* [Aim of the task]: An exact copy of every record, without the pictures, is what should come back.
+ + + + + + +
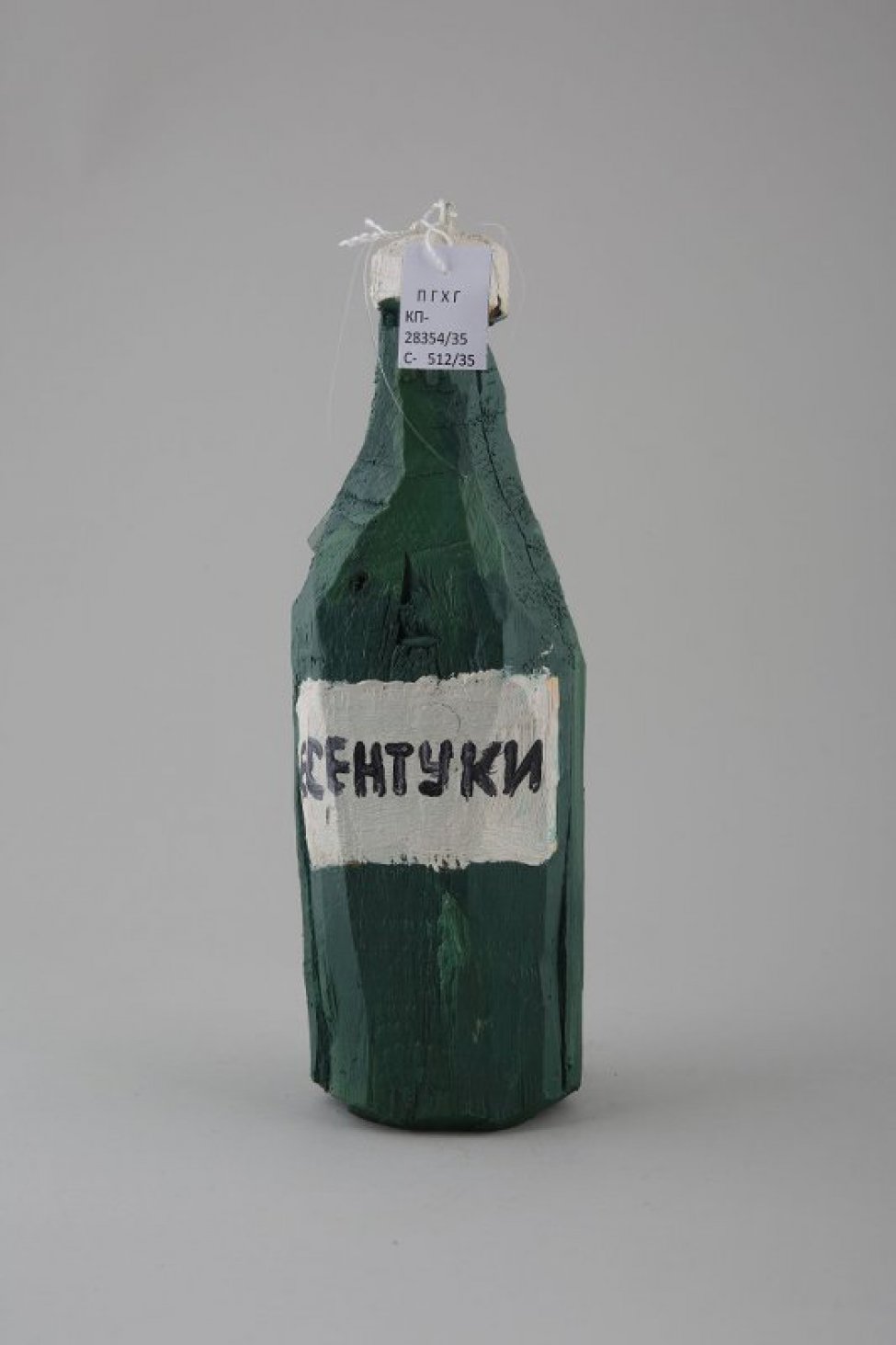 Стилизованное изображение бутылки темно-зеленого цвета, с белой крышкой и белой этикеткой по центру бутылки с надписью черной краской: ЕСЕНТУКИ.  В центре крышки металлическое колечко.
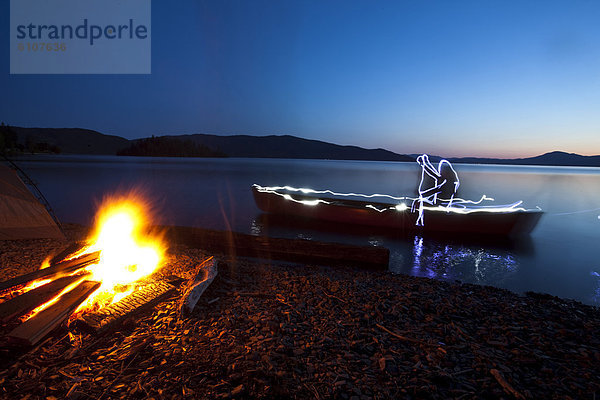 Wasserrand  Mann  Beleuchtung  Licht  Silhouette  See  camping  Feuer  streichen  streicht  streichend  anstreichen  anstreichend  Kanu  Idaho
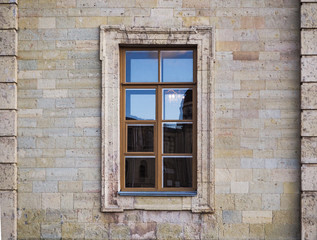 Fototapeta na wymiar Background of city buildings from limestone. Nice window.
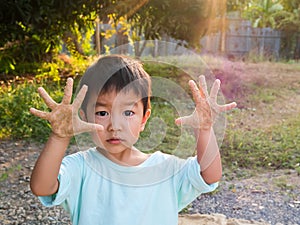 Asian cute little child boy showing dirty hands with sand while playing outdoor.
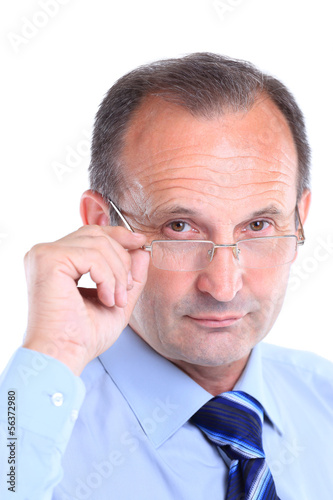 Photo: Portrait of a serious business man with glasses Portrait of a serious business man with glasses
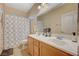 Bathroom with double sinks and shower/tub combo at 9715 Aleutian St, Las Vegas, NV 89178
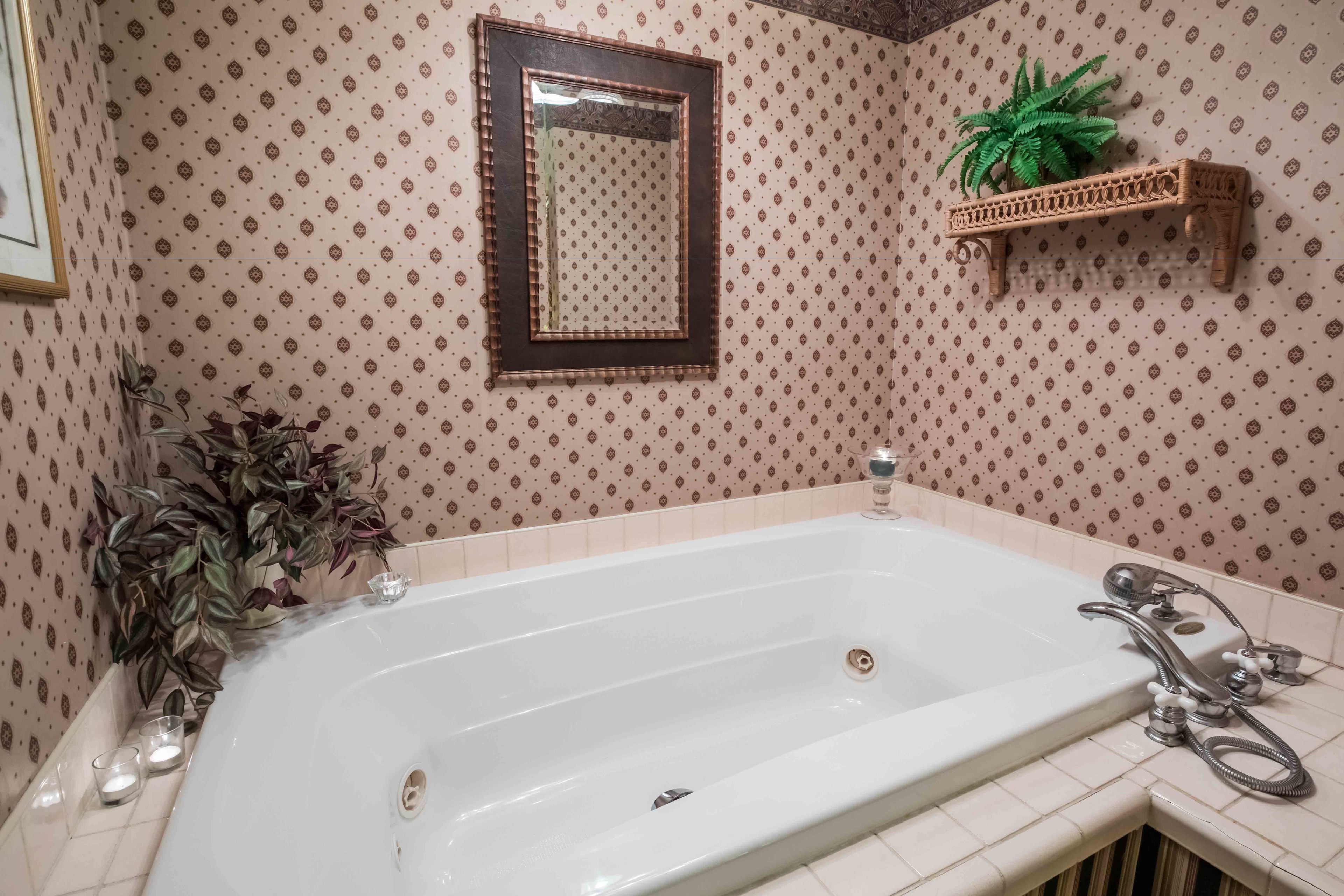 A bathroom with a large bathtub, a mirror, a shelf with a potted plant, and two candles on the floor.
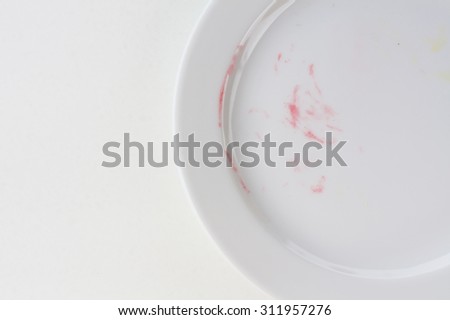 empty plate on white table after blackberry pie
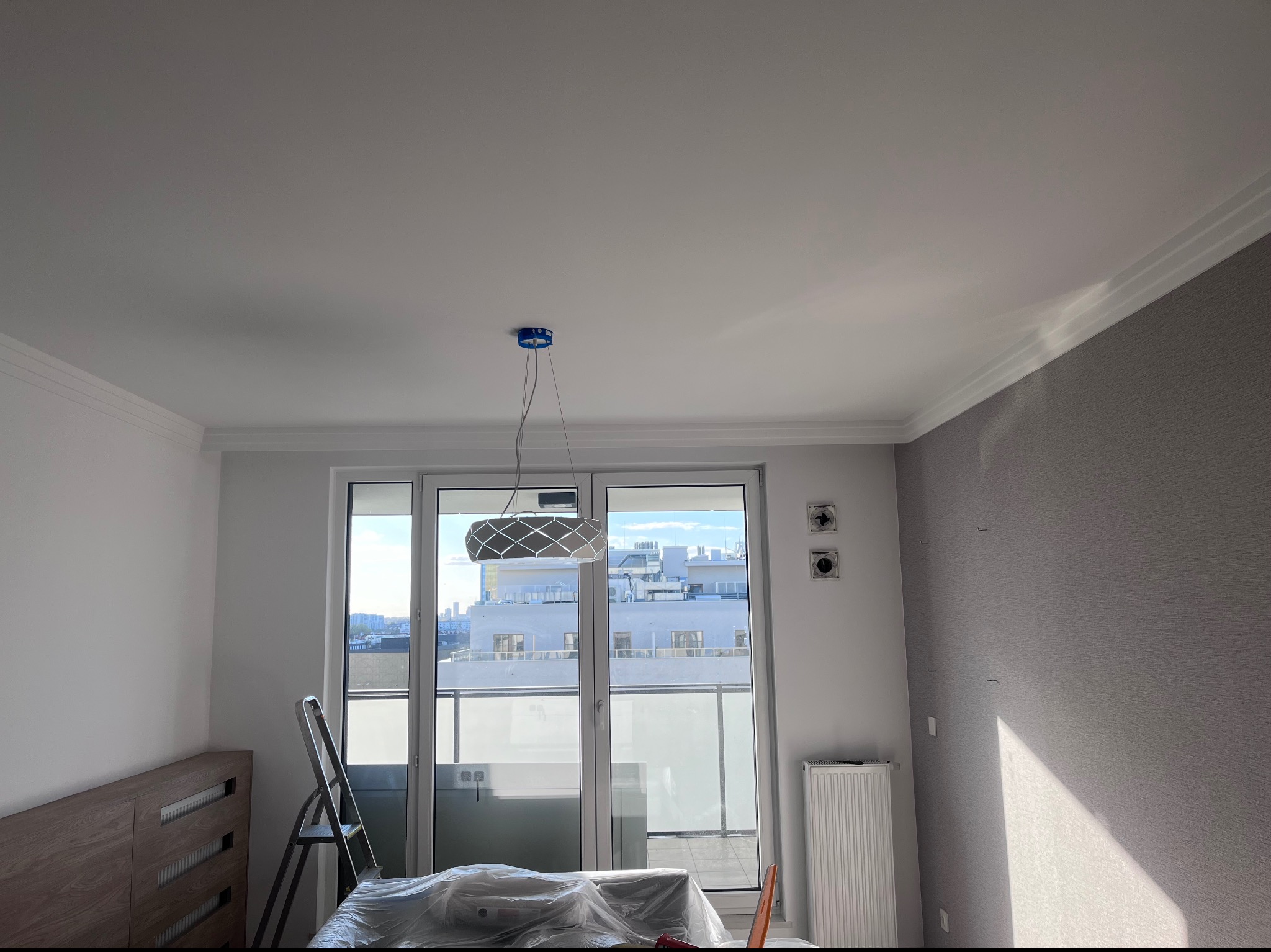 Pokój w trakcie remontu z widocznymi elementami wykończeniowymi: listwy przysufitowe, szara tapeta na jednej ścianie, sufit z przygotowanym miejscem na lampę, okno balkonowe z widokiem na miasto...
+ + + + + + +
* [Problem solution]:
 Стилизованное изображение бутылки темно-зеленого цвета, с белой крышкой и белой этикеткой по центру бутылки с надписью черной краской: ЕСЕНТУКИ.  В центре крышки металлическое колечко.
 Wasserrand  Mann  Beleuchtung  Licht  Silhouette  See  camping  Feuer  streichen  streicht  streichend  anstreichen  anstreichend  Kanu  Idaho
 Fototapeta na wymiar Background of city buildings from limestone. Nice window.
 Asian cute little child boy showing dirty hands with sand while playing outdoor.
 Photo: Portrait of a serious business man with glasses Portrait of a serious business man with glasses
 Bathroom with double sinks and shower/tub combo at 9715 Aleutian St, Las Vegas, NV 89178
 A bathroom with a large bathtub, a mirror, a shelf with a potted plant, and two candles on the floor.
 empty plate on white table after blackberry pie
 Pokój w trakcie remontu z widocznymi elementami wykończeniowymi: listwy przysufitowe, szara tapeta na jednej ścianie, sufit z przygotowanym miejscem na lampę, okno balkonowe z widokiem na miasto...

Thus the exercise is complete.